SQL Injection Challenge 5 in OWASP Security Shepherd is a classic lesson in blind injection and authentication bypass. It tests your ability to manipulate database queries when the application doesn't return direct data. 🛡️ Understanding the Challenge
In Challenge 5, you are typically presented with a login screen or a search bar. Unlike earlier levels where you might see database errors or dumped tables, this level is "quieter."
The Goal: Gain unauthorized access or retrieve the hidden "key."
The Vulnerability: The application takes user input and places it directly into a SQL string without sanitization. 🔍 Step-by-Step Walkthrough 1. Identify the Entry Point
Locate the input field. Start by entering a single quote (').
If the page breaks or behaves differently, it confirms the input isn't being escaped.
In Challenge 5, a successful injection often results in a "Welcome" message or a successful login redirect. 2. The Logic Bypass
The query behind the scenes likely looks like this:SELECT * FROM users WHERE username = '$user' AND password = '$pass' Sql Injection Challenge 5 Security Shepherd
To bypass this, you need to make the WHERE clause always evaluate to TRUE. Enter this into the username field:admin' OR '1'='1 3. Handling the Password
Since the password check follows the username, you need to "comment out" the rest of the query so the system ignores the password requirement. For MySQL/PostgreSQL: admin' OR '1'='1' # For MS SQL: admin' OR '1'='1' -- 4. Refining the Payload
If the simple bypass doesn't work, the application might be checking for a specific number of columns or a specific user ID. Try:' OR 1=1 LIMIT 1 --
This tells the database: "Give me the first record in the table where the condition is true." Since '1=1' is always true, it logs you in as the first user (usually the Admin). 💡 Key Takeaways for Security Shepherd
Case Sensitivity: Sometimes the keyword OR must be uppercase or lowercase depending on the filter.
URL Encoding: If you are submitting via a URL bar, remember that spaces should be %20 and hashes should be %23.
Observation: Pay attention to the URL or the session tokens after a "successful" login; the key is often hidden there. 🚫 How to Prevent This To stop SQL injection in real-world apps: SQL Injection Challenge 5 in OWASP Security Shepherd
Prepared Statements: Use parameterized queries so input is never treated as code.
Input Validation: Use allow-lists to ensure only expected characters are submitted.
Principle of Least Privilege: Ensure the database user has limited permissions.
To help you get through this specific level, could you tell me: What response do you get when you submit a single quote? Are you seeing a login box or a search field?
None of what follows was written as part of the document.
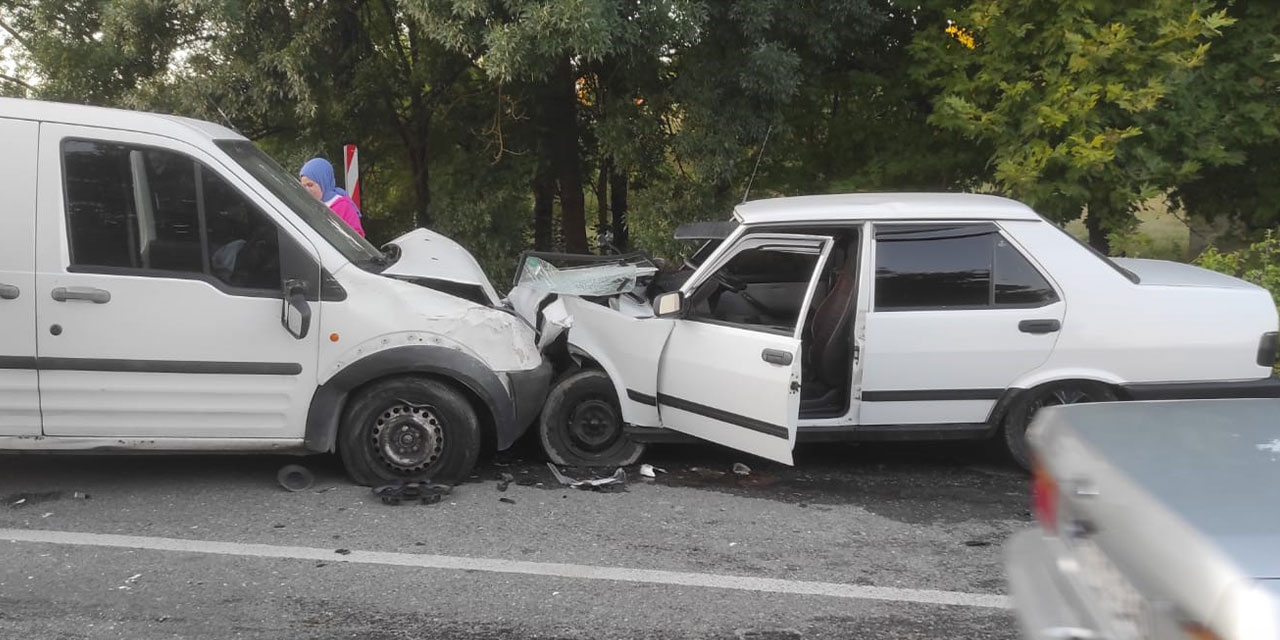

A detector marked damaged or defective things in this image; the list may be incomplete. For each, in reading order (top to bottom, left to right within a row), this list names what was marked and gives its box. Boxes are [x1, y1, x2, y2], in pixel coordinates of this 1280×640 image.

OWASP Security Shepherd is a flagship platform for learning web application security. Among its various modules, the SQL Injection challenges are pivotal in teaching students how to identify, exploit, and remediate database vulnerabilities.
SQL Injection Challenge 5 marks a step up in difficulty from the previous challenges. While earlier challenges often rely on obvious error messages or simple authentication bypasses, Challenge 5 typically requires a deeper understanding of how data is retrieved and displayed to the user. This article breaks down the analysis, the theory, and the solution for this specific challenge.
SQL Injection Challenge 5 from Security Shepherd is a web-app training exercise that demonstrates a common but subtle SQL injection pattern: blind inference attacks against application logic that uses dynamic queries and insufficient input handling. The goal of this write-up is to explain the challenge’s likely design, the vulnerability class it teaches, the exploitation methodology, and remediation strategies developers can apply. Solving Security Shepherd: SQL Injection Challenge 5 OWASP
Now, find how many characters you need to exfiltrate:
Payload structure:
5' AND (SELECT LENGTH(hash) FROM keys WHERE id=1) = [N] AND '1'='1
Increment N until you get "Valid". For example:
... = 30 -> Invalid... = 31 -> Invalid... = 32 -> ValidThus, the key length is 32 characters (likely an MD5 hash).
Once the table name (let's assume it is users) is identified, we need the column names (specifically the password column).
Payload:
' UNION SELECT 1, column_name, 3 FROM information_schema.columns WHERE table_name='users'--
This output should reveal columns such as userId, userName, and password.